- Cover to Invisible Republic #1, art by Gabriel Hardman

Publication information
- Publisher: Image Comics
- Schedule: Monthly
- Genre: Science Fiction
- Publication date: March 2015
- No. of issues: 15
- Main character(s): Croger Babbs, Arthur McBride, Maia Reveron, Liv Woronov

Creative team
- Written by: Corinna Bechko and Gabriel Hardman
- Artist: Gabriel Hardman
- Colorist: Jordan Boyd

Collected editions
- Vol 1 (#1–5): ISBN 978-1632154088
- Vol 2 (#6–10): ISBN 978-1632156587
- Vol 3 (#11–15): ISBN 978-1534300637

= Invisible Republic (comics) =

Invisible Republic is an American science fiction comic book series created by Corinna Bechko and Gabriel Hardman and published through Image Comics. The first issue was released on March 18, 2015 to favorable reviews. The creators intended the story to run between 39 and 50 issues. The title has been on indefinite hiatus since the fifteenth issue, released in March 2017.
==Premise==
The story is set on a distant moon colonized by humans. After the fall of a dictator who had ruled for four decades, disgraced reporter Croger Babbs begins an investigation into the secrets behind the dictator's rise. The narrative is split between Babbs' present day adventures doing his research and flashbacks showing the dictator's early days, as experienced by his cousin.

==Publication history==
Corinna Bechko and Gabriel Hardman, who are married collaborators, began working on Invisible Republic in 2009 as a followup to their graphic novel Heathentown. They discussed the concepts and characters for years before they began writing anything. The title and some character names come from a 17th-century Irish ballad and anti-recruiting song. The project was delayed in favor of work-for-hire comics such as Deep Gravity for Dark Horse Comics and Planet of the Apes for BOOM! Studios.

The series was announced at the 2014 Image Expo, where it was described as "the epic history of the rise of an empire." The first issue was released March 18, 2015, and the series maintained a nearly-monthly schedule thereafter. Three paperback editions have been released. Each one contains five single issues. They were released in July 2015, August 2016, and April 2017. Following the release of issue 15 in March 2017, the series went on hiatus while the creators did work-for-hire projects for other comic companies. In February 2018 Bechko said they were planning its return.

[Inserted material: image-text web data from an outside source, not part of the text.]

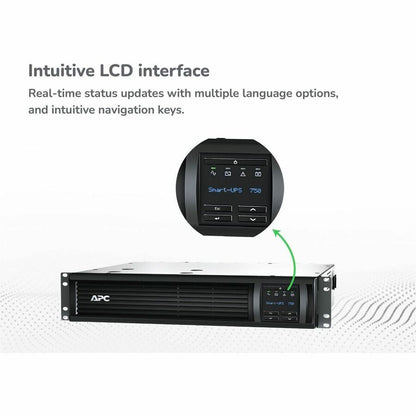 Alternate-Image1 Image for APC Smart-UPS, Line Interactive, 750VA, Rackmount 2U, 120V, 6x NEMA 5-15R outlets, SmartConnect Port+Network Card, AVR, LCD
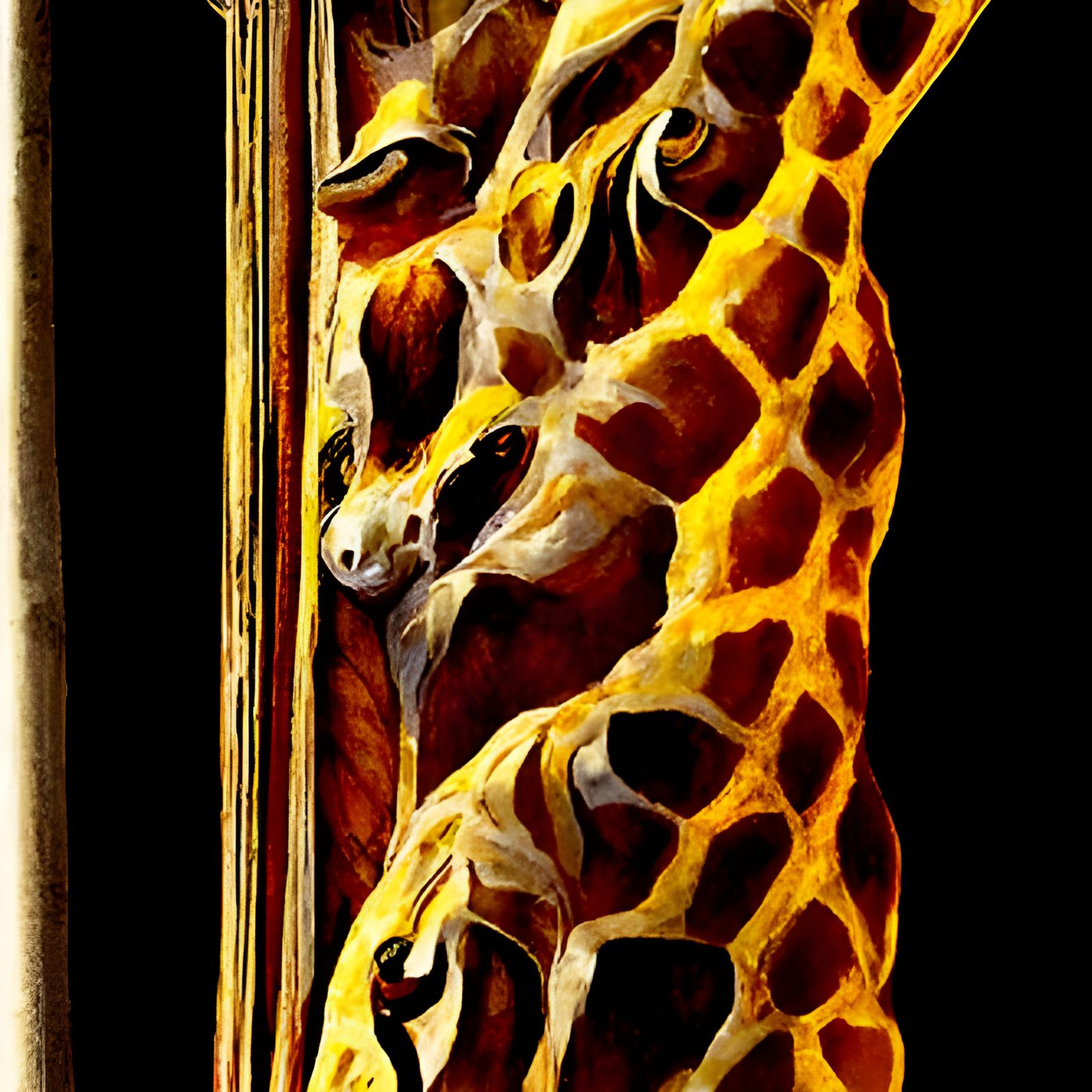 Detailed Giraffe Art, Botanical Landscape Style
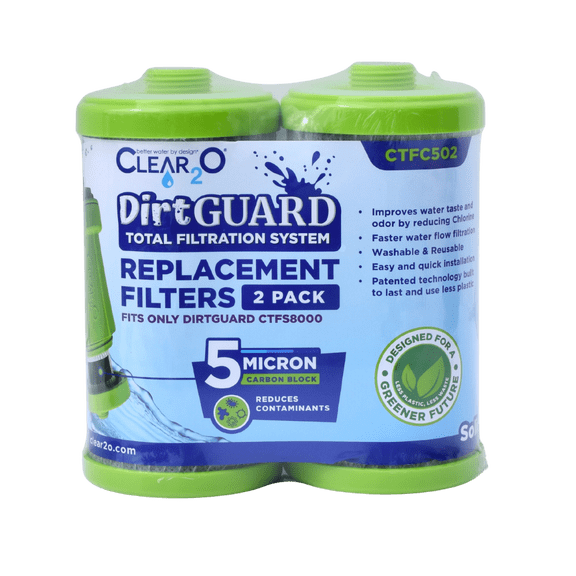 CLEAR2O® DirtGUARD™ Total Filtration Replacement Water Filters – 2 Pack (CTFC502) | Reduces Lead, Chlorine Taste & Odor | Long-Lasting Performance
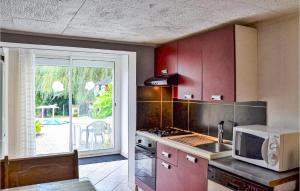 cocina con fregadero y fogones horno superior en Cozy Apartment In Chambornay-ls-pin With Outdoor Swimming Pool, 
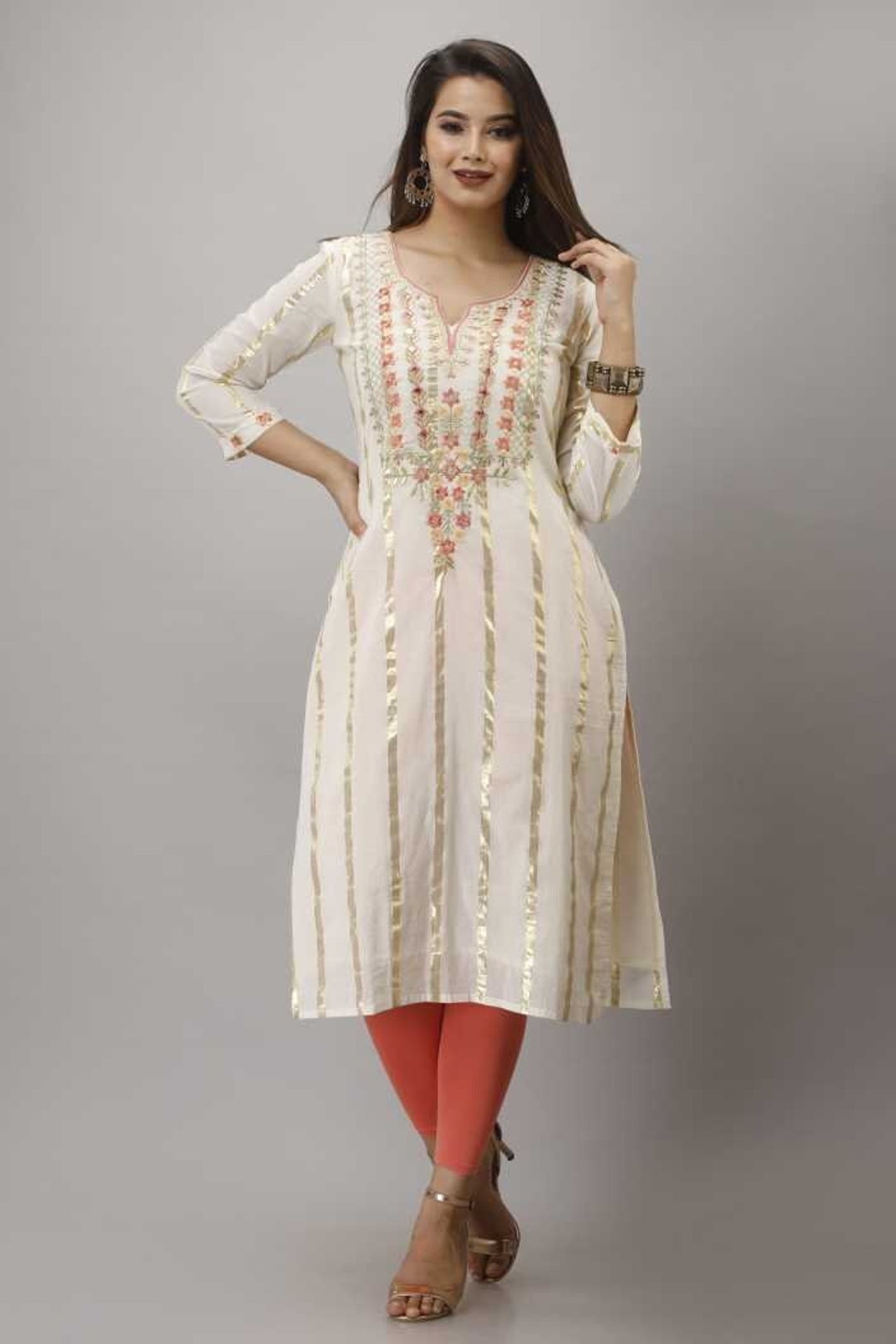 Aaysa Women Embroidered, Striped Cotton Blend Straight Kurta white Etsy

In a 2015 Newsarama interview, Hardman described Invisible Republic as a big story with an ideal length of around 50 issues. In 2018, the expected length had been shortened from approximately 50 to 30 issues and Bechko mentioned a possible companion prose novel set prior to the events of the comic.

==Plot==
After the fall of the Mallory regime on the distant moon Avalon, disgraced reporter Croger Babbs travels there hoping to find redemption by writing the truth behind the rise of the deceased dictator, Arthur McBride. Babbs has trouble finding leads until he finds a diary written by McBride's unknown cousin, Maia. As he reads her eyewitness account of McBride's ascension, other parties learn of the diary and try to steal it to prevent the violent details from McBride's rise to power from being publicly revealed. Babbs learns that Maia is still alive and receives her permission to print her diary.

==Critical reception==
The debut issue sold nearly 23,000 copies and was ranked the 103rd best selling American comic by units in March 2015. Reviews were mostly positive with review aggregator Comic Book Roundup showing an average rating of 8.6 out of 10 based on 20 reviews. By the third issue sales had fallen to just above 8000 units for a rank of 207, a drop which is slightly larger than typically expected for new comic books. It continued to receive critical praise however, with Multiversity Comics Jess Camacho saying the third issue "continues to be a refreshing addition to the science fiction genre." In a review for The A.V. Club, Oliver Sava complimented Boyd's use of color to provide contrast between the narrative's two temporal settings. He also described the plot as "dense" and believed Hardman's background as a storyboard artist allowed him to use creative layouts that take advantage of the medium. Overall, Sava found the themes of Invisible Republic to be chillingly plausible.

Invisible Republic was a finalist for a 2016 Hugo Award in the category Best Graphic Story.